■ Task: With the pictures removed, please write out every line below exactly as given.

■ ■ ■ ■ ■ ■ ■

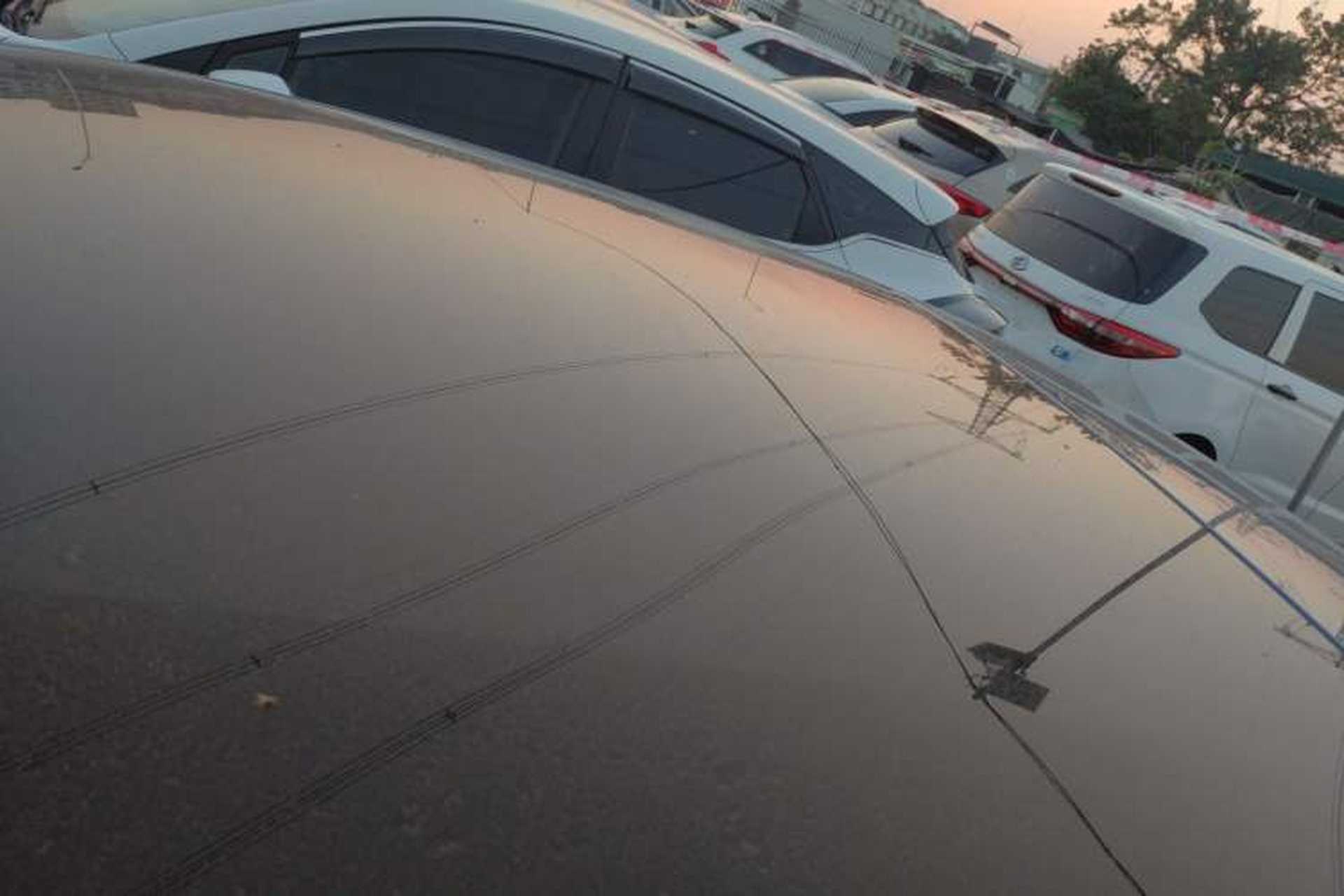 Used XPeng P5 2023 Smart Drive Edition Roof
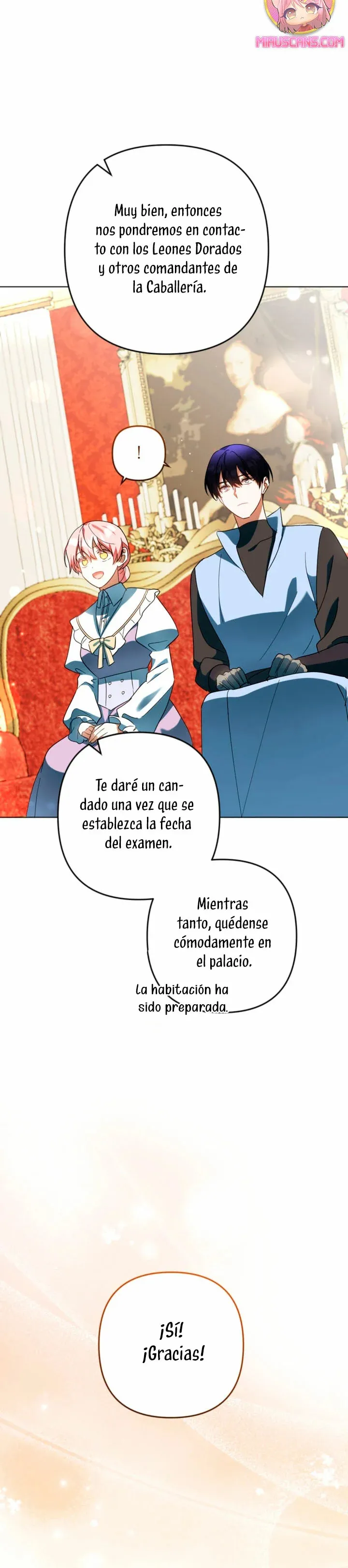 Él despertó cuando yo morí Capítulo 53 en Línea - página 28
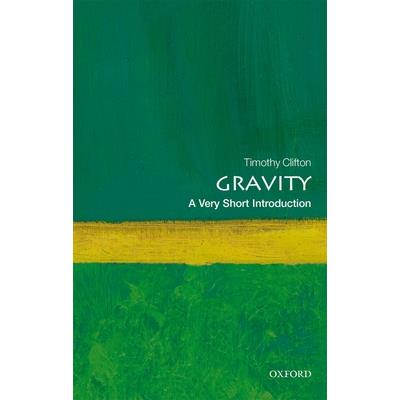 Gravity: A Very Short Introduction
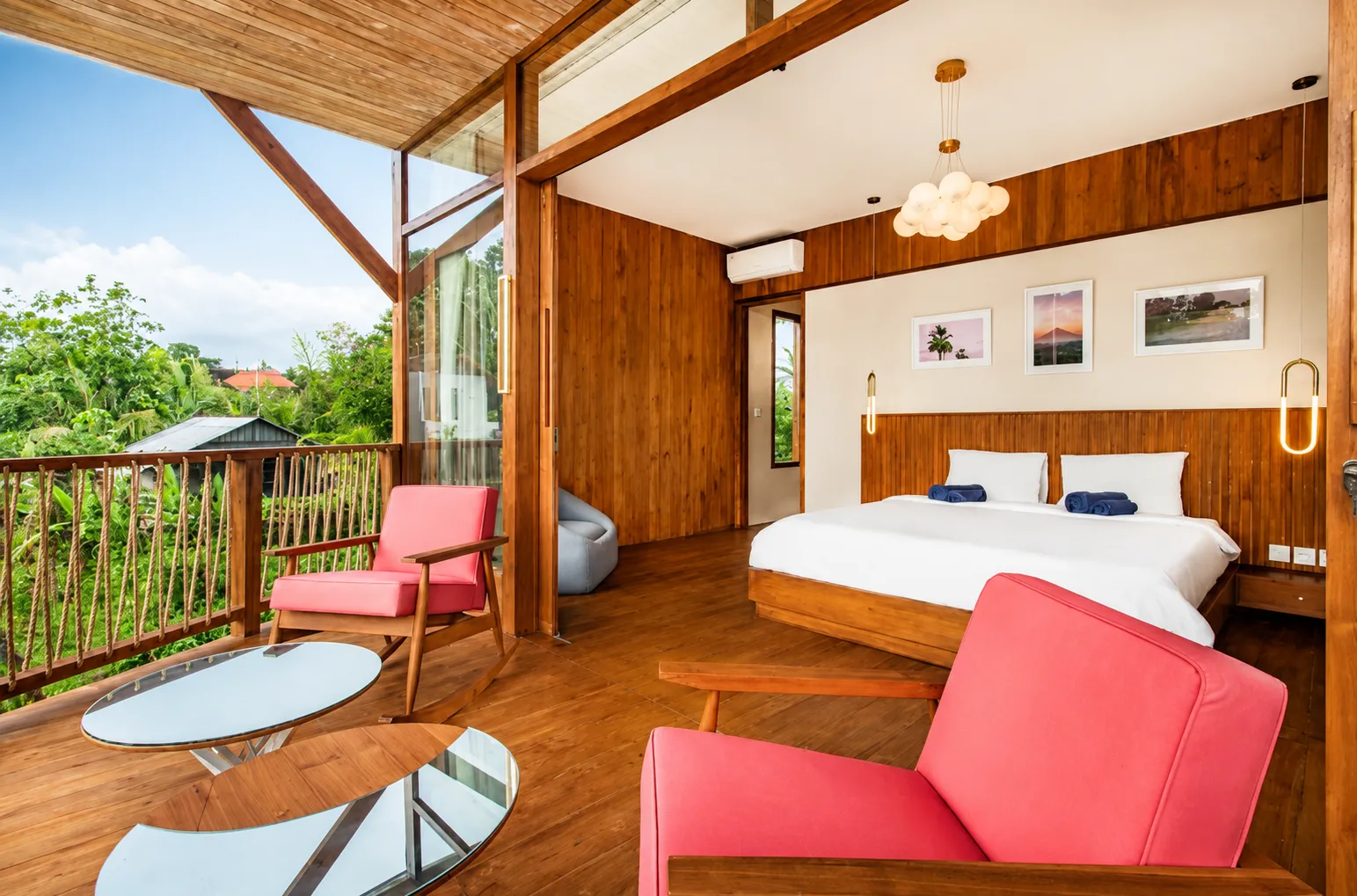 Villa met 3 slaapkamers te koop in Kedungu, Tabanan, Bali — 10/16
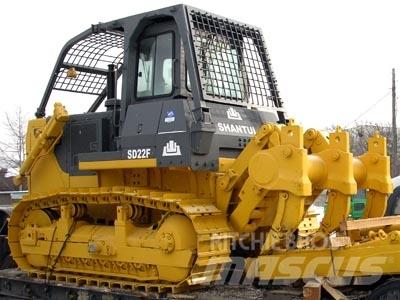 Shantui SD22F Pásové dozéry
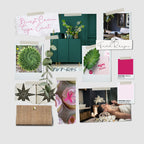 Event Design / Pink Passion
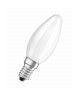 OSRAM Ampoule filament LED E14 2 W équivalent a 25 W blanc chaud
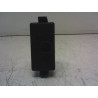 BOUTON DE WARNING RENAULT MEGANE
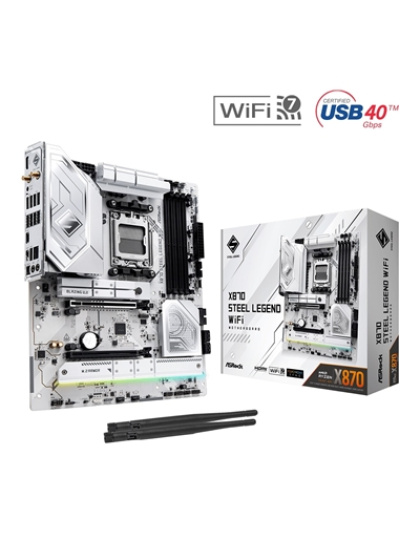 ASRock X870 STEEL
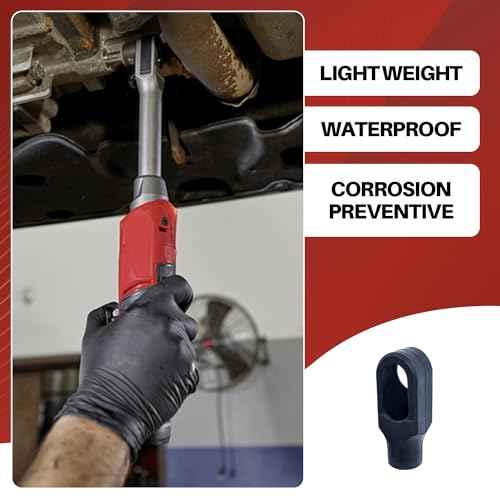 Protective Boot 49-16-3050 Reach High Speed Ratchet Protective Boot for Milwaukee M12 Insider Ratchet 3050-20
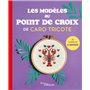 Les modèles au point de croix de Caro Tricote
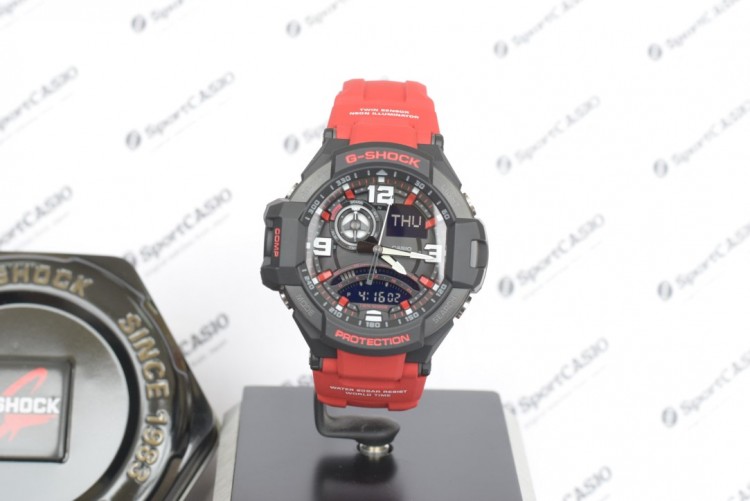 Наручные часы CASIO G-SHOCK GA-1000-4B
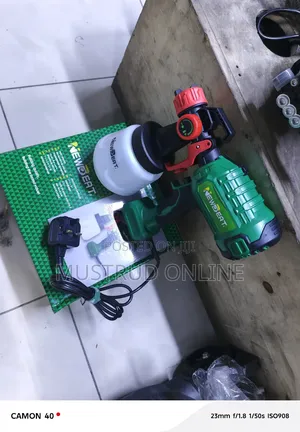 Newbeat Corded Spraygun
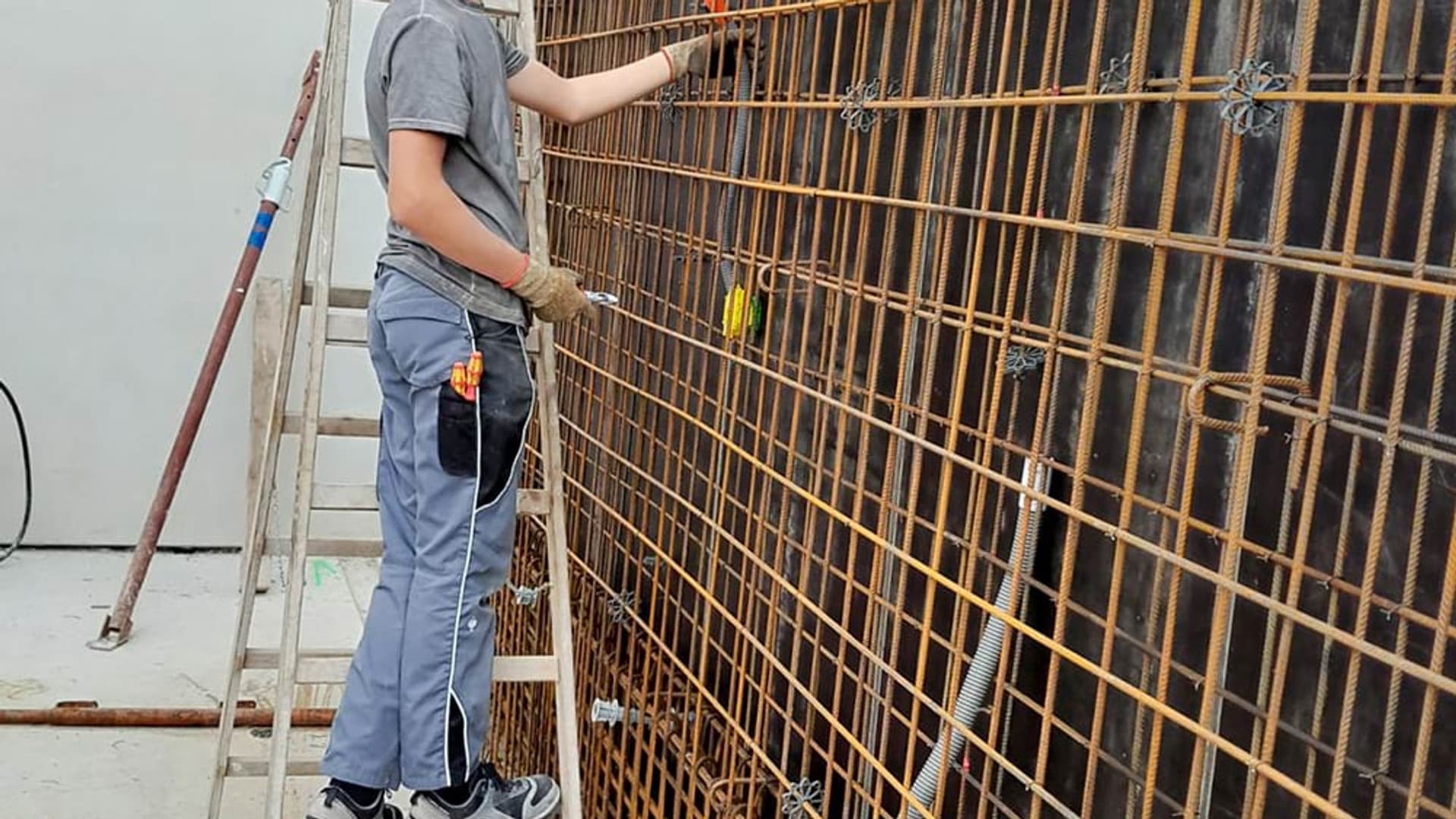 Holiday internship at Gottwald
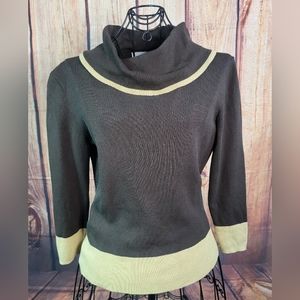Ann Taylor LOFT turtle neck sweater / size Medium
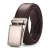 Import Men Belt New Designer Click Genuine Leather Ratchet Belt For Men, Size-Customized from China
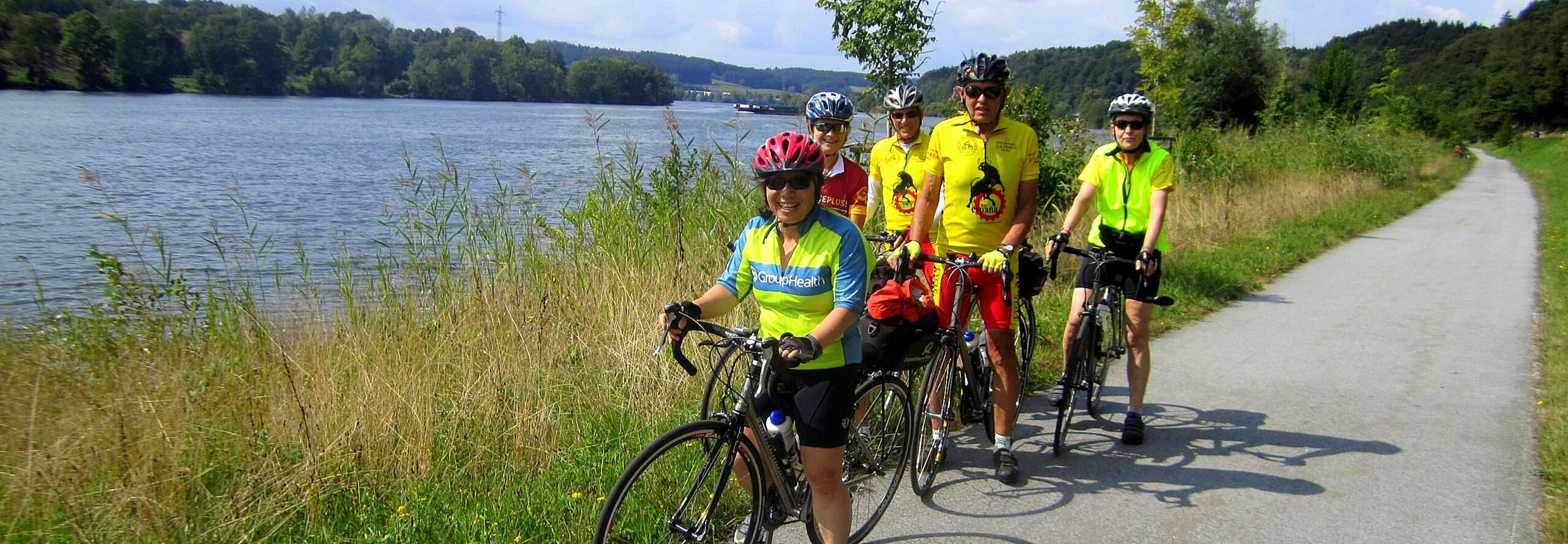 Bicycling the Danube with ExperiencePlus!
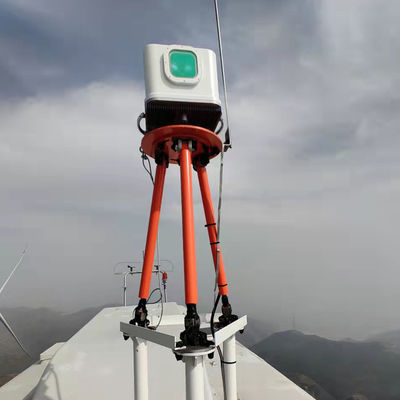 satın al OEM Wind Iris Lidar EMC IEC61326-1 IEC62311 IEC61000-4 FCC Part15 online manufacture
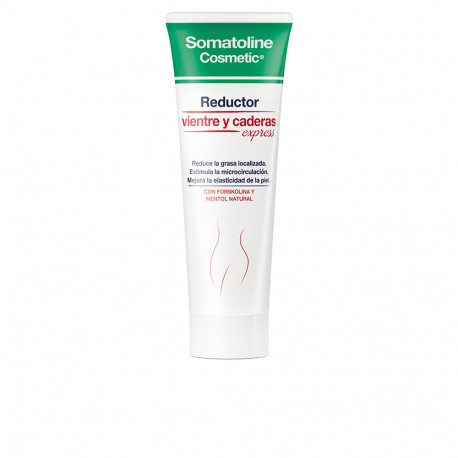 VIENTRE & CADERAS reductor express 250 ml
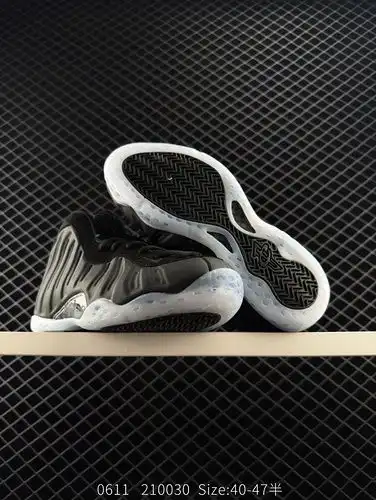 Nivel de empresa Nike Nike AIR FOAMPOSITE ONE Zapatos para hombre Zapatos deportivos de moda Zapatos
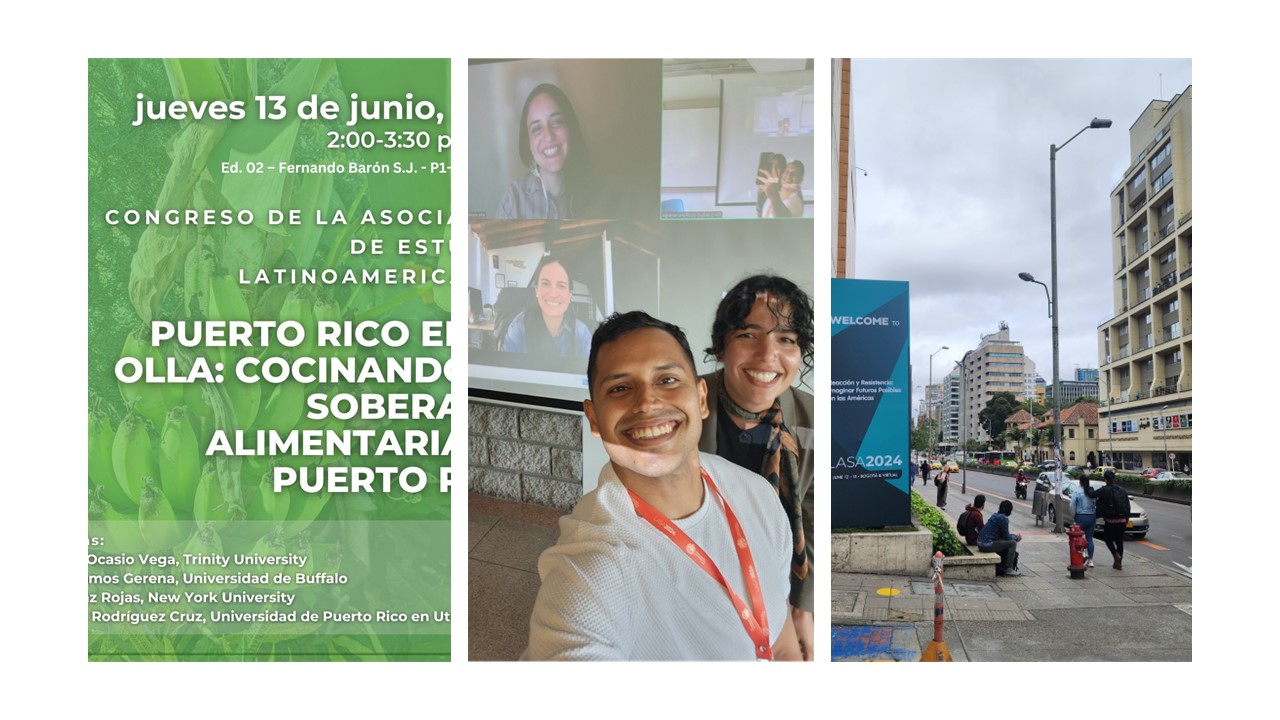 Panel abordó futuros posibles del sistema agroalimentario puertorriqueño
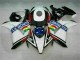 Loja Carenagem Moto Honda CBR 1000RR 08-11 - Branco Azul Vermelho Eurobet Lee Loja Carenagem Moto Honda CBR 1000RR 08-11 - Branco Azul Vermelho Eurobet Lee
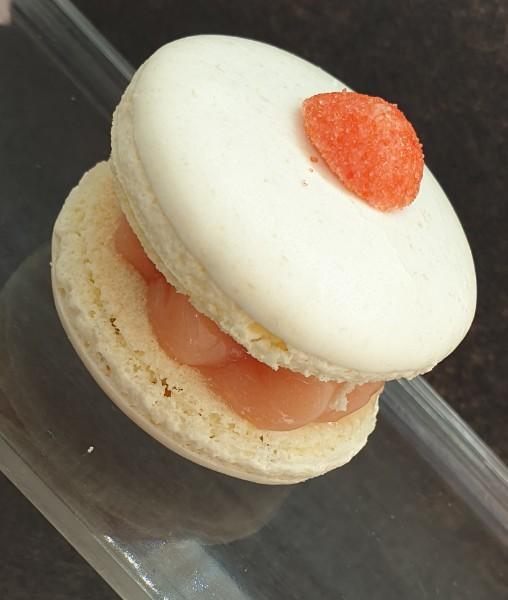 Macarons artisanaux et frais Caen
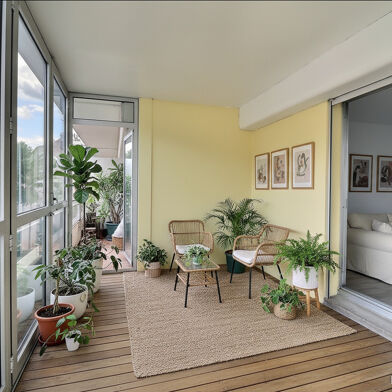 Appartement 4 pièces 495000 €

■ ■ ■ ■ ■ ■ ■

■ Answer section:
 Used XPeng P5 2023 Smart Drive Edition Roof
 Él despertó cuando yo morí Capítulo 53 en Línea - página 28
 Gravity: A Very Short Introduction
 Villa met 3 slaapkamers te koop in Kedungu, Tabanan, Bali — 10/16
 Shantui SD22F Pásové dozéry
 Event Design / Pink Passion
 OSRAM Ampoule filament LED E14 2 W équivalent a 25 W blanc chaud
 BOUTON DE WARNING RENAULT MEGANE
 ASRock X870 STEEL
 Protective Boot 49-16-3050 Reach High Speed Ratchet Protective Boot for Milwaukee M12 Insider Ratchet 3050-20
 Les modèles au point de croix de Caro Tricote
 Наручные часы CASIO G-SHOCK GA-1000-4B
 Newbeat Corded Spraygun
 Holiday internship at Gottwald
Ann Taylor LOFT turtle neck sweater / size Medium
 Import Men Belt New Designer Click Genuine Leather Ratchet Belt For Men, Size-Customized from China
 Bicycling the Danube with ExperiencePlus!
 satın al OEM Wind Iris Lidar EMC IEC61326-1 IEC62311 IEC61000-4 FCC Part15 online manufacture
 VIENTRE & CADERAS reductor express 250 ml
 Nivel de empresa Nike Nike AIR FOAMPOSITE ONE Zapatos para hombre Zapatos deportivos de moda Zapatos
 Panel abordó futuros posibles del sistema agroalimentario puertorriqueño
 Loja Carenagem Moto Honda CBR 1000RR 08-11 - Branco Azul Vermelho Eurobet Lee Loja Carenagem Moto Honda CBR 1000RR 08-11 - Branco Azul Vermelho Eurobet Lee
 Macarons artisanaux et frais Caen
 Appartement 4 pièces 495000 €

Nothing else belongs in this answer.